We just need to make cities PEV friendlier

In my prior post I claimed that not only will the BEV rollout be very expensive, but that much of the cost will be paid by those that can afford it the least.  As such, it is only a matter of time before it is politically rejected.

The environment loses.

Disagree?  How do you really feel about the higher price of food and housing? Because that is you funding excessive government spending, your dollars spent on things like the BEV subsidy.

As an alternative emission reducing solution, consider instead PEV’s (Personal Electric Vehicles), which are battery powered transportation products such as E-bikes, E-scooters, and just about anything else that can move people around at a slower speed, for a shorter distance, and at a much lower cost than a BEV.  Yes, PEV replaces “micro-mobility”.

What are PEV’s good for?  How about the majority of trips that the average person makes each day, which are 5 miles or less.

Are PEV’s receiving a subsidy today?  They are, but a very small percentage of what BEV’s receive.  In California alone, a pilot E-bike program was launched in 2023 providing $13 million in vouchers for low-income households.  It is hoped that this program will expand to $50 million in 2024. In comparison, according to this report, since 2010, California has allocated more than $1.84 billion to three subsidy programs: the “Clean Cars 4 All” program, the “Clean Vehicle Rebate Project” and the “Clean Vehicle Assistance Program.”

$1.84 billion later and just 4% of the cars in California are EV’s. And we have yet to get serious about building a BEV charging infrastructure plus the additional renewable power sources.

50 million is about 2.7% of 1.84 billion, but if you factor in the required BEV infrastructure, the percentage is very small.  Let’s just round it up to 1%.  Given this, why are 99% of present and future state subsidies being directed towards less than half of total trips, those that are over 5 miles?

Is this logical?  Is this smart?

Here is a suggestion, and given California’s budget deficit, it is worth considering.  Instead of spending billions subsidizing BEV’s, with most of those dollars benefiting out-of-state BEV manufacturers, why not instead spend a much smaller amount making our city streets more PEV friendly?

Let’s follow the lead of the City of Encinitas, population 62,000, which after a tragic biking accident, declared a state of emergency and made it a high priority to improve bicycle safety. Residents of Encinitas can expect new bike lanes and bike crosswalks, highlighted in green, on various road segments throughout the city. At a modest cost of $1.1 million with much work completed in just one year, not by 2035.

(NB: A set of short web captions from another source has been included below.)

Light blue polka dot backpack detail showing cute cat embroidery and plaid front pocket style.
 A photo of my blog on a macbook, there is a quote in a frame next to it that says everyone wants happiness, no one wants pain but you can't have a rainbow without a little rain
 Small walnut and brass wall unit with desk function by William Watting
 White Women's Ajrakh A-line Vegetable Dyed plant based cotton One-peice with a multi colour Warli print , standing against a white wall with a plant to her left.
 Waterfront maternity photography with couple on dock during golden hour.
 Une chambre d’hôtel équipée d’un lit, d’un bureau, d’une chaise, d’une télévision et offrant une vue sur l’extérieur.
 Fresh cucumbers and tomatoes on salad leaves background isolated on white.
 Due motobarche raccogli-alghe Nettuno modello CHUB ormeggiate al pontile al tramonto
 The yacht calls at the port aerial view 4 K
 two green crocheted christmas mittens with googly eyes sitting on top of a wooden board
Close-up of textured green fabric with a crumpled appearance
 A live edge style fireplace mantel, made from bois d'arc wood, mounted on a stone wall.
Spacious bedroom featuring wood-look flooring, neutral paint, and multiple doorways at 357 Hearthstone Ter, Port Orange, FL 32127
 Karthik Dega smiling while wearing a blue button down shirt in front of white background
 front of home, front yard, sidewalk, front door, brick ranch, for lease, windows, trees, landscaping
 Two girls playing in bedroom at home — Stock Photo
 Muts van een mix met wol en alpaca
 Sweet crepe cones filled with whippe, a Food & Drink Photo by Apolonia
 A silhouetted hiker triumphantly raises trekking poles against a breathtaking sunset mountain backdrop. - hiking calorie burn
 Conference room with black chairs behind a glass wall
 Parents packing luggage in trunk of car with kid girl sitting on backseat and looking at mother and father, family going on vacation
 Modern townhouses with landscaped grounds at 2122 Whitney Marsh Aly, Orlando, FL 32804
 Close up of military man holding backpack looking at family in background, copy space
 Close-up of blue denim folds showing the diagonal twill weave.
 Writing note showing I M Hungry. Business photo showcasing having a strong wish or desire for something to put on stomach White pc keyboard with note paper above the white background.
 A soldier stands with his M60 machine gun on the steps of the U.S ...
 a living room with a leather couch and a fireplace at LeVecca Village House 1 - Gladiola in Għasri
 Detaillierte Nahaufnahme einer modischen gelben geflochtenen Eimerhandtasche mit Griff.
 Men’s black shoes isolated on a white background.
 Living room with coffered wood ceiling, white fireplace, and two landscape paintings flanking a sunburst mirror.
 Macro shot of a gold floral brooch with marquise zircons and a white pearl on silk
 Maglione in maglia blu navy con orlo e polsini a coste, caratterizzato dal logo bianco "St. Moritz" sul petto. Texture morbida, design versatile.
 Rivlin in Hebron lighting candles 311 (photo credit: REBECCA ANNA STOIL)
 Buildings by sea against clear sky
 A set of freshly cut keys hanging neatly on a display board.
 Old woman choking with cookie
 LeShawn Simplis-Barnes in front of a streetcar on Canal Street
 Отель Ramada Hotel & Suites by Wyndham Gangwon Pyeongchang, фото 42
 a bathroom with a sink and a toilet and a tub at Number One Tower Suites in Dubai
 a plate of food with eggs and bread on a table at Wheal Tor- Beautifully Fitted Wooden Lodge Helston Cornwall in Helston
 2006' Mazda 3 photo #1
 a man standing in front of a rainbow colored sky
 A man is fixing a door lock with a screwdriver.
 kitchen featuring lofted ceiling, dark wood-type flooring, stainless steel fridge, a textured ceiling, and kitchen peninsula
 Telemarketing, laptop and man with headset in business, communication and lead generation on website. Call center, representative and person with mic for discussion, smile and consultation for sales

Given California’s population of about 40 million, this would proportionally cost California about $700 million.  Much less than the many billions that the rollout of BEV’s, and the BEV infrastructure, will require.

By keeping the costs down, by keeping deficit spending to a minimum, this also ensures that more of the subsidies will be paid by the wealthy, a more progressive solution.

Once the streets of California (and hopefully the rest of U.S.) are PEV friendlier, more consumers will be willing to use PEV’s for transportation.  Encouraging, not forcing them, to purchase a clean energy transportation vehicle.

Well before 2035.

Then we sit back and let the free market do its thing.  Let the PEV manufacturers fairly compete, and let the consumers decide which PEV best meets their individual needs.  More PEV’s mean less traffic and more parking. Emissions are reduced as each ICE mile is replaced by a PEV mile.  There is no debate that the operational cost per mile of a PEV is much less than that of an ICE.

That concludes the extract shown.